=== Input data ===

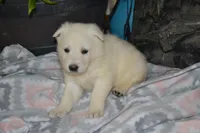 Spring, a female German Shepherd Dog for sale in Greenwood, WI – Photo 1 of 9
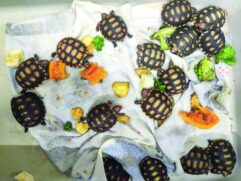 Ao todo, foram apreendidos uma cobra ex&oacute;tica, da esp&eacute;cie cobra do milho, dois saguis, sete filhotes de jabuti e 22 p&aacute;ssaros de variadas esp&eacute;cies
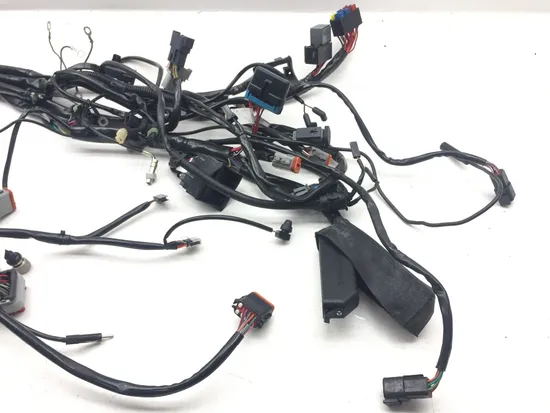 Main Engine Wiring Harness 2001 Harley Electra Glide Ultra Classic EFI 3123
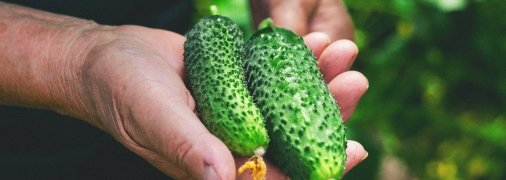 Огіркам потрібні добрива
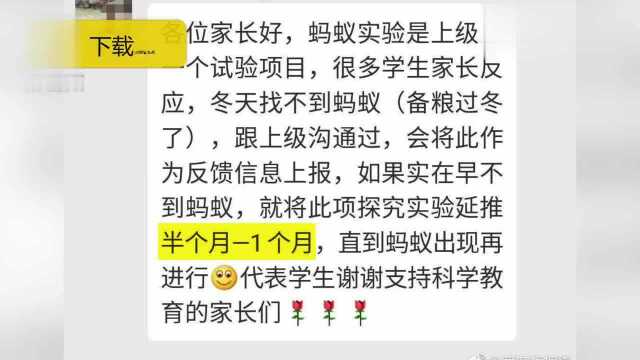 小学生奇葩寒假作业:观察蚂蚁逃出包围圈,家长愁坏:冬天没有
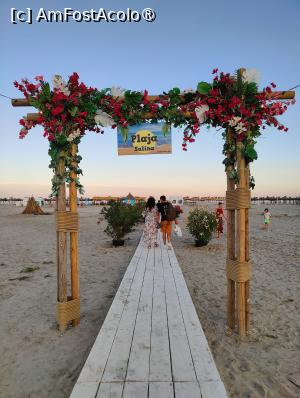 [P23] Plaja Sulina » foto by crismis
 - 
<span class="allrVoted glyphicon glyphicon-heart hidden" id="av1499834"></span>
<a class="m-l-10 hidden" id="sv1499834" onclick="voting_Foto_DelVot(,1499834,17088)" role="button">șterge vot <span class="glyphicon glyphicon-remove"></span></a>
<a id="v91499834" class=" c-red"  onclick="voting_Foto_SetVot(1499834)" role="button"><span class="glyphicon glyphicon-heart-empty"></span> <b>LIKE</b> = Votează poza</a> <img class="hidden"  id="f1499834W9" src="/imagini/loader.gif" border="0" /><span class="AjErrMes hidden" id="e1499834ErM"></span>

===
=== Input data ===

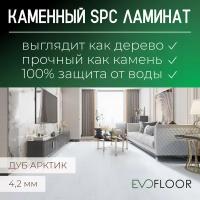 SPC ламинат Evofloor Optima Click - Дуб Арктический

===

**Task directions**. Count how many lines in the records above hold the word "glyphicon", and answer with that number alone.

**Answer space**. 3